La maladie d’un enfant affecte forcément toute la famille et cela ne m’étonne pas qu’une majorité de couple divorce. Ton grand a une belle âme et le souvenir de sa petite sœur disparue a influencé sa personnalité et sa représentation de son avenir. Ta plus petite est probablement consciente de votre histoire familiale, la vérité sera difficile à dire et à entendre mais je ne pense pas qu’elle sera traumatisante même si elle est très triste. Je comprends tout à fait que ça soit très douloureux pour toi d’en parler avec elle. Je pense bien fort à vous.
L’avenir est ouvert, je ne sais pas où nous en serons dans dix ans. J’espère que l’adolescence ne sera pas une période trop difficile car la différence est souvent mal vécue à ce moment.
Les mots de tes ainés… La fratrie, les liens, l’empathie et l’amour… Toujours !

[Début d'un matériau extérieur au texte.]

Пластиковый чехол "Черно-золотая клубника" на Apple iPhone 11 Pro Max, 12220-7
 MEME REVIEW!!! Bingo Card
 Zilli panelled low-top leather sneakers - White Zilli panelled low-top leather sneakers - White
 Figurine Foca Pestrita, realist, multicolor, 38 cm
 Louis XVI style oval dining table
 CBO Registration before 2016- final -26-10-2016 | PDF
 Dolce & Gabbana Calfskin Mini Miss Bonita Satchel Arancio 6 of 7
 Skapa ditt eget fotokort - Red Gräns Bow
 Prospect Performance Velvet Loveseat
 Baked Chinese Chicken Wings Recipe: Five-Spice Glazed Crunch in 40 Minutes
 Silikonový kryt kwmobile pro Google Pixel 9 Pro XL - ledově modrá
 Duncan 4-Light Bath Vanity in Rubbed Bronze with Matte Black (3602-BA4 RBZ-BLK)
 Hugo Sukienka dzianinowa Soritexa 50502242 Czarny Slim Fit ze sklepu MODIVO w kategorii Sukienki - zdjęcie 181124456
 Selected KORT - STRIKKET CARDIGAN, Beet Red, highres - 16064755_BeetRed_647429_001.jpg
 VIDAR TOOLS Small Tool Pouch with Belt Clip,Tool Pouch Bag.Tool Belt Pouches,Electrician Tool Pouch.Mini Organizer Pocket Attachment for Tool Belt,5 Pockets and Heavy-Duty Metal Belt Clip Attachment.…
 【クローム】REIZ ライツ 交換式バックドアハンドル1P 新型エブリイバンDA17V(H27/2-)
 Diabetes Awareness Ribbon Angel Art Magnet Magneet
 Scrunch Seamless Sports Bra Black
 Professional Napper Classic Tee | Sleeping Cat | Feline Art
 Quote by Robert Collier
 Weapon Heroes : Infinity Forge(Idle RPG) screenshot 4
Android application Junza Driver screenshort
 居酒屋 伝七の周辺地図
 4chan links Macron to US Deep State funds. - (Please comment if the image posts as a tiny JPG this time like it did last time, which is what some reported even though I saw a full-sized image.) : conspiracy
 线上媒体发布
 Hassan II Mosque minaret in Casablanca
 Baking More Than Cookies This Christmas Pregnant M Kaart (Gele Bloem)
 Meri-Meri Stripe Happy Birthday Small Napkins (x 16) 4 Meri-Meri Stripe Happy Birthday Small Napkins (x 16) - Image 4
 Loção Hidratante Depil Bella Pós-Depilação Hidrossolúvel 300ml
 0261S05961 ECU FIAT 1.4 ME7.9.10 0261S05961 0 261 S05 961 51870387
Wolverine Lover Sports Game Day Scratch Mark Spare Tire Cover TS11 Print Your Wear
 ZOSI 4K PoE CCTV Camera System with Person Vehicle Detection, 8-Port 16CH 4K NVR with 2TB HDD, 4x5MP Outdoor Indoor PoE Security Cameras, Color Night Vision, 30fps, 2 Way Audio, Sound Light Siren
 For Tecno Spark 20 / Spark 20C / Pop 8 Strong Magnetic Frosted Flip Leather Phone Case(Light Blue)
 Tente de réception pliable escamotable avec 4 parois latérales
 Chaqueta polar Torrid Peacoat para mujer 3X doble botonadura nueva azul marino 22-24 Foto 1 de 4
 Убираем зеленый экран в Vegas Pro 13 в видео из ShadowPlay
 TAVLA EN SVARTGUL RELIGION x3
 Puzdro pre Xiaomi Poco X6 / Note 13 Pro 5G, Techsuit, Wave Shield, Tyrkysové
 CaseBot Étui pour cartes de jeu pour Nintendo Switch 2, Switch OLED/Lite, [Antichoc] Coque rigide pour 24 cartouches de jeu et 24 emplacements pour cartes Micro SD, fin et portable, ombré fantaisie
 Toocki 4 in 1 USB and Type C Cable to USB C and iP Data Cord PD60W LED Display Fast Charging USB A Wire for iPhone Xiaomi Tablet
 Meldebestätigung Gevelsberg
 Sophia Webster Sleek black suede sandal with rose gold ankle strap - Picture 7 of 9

Merci ! Les liens se sont resserrés, ils ont été compliqués entre Gabriel et Esther à la naissance de Judith.
Je suis assidûment cette série d’articles tout en commentant peu car les mots peinent à venir. Avoir un enfant différent rend votre quotidien complètement différent. Cet article me touche beaucoup car je trouve que tes aînés ont un état d’esprit tout à fait admirable, surtout si jeunes, c’est beau et je tenais à te le dire. Plein de courage face à cela.
Ton commentaire et ta présence ici me touchent profondément. Merci beaucoup !
J’aime énormément cette série qui nous permet d’entrer dans votre quotidien et de mieux comprendre les familles d’enfants atteint de maladies. Merci beaucoup pour ce partage.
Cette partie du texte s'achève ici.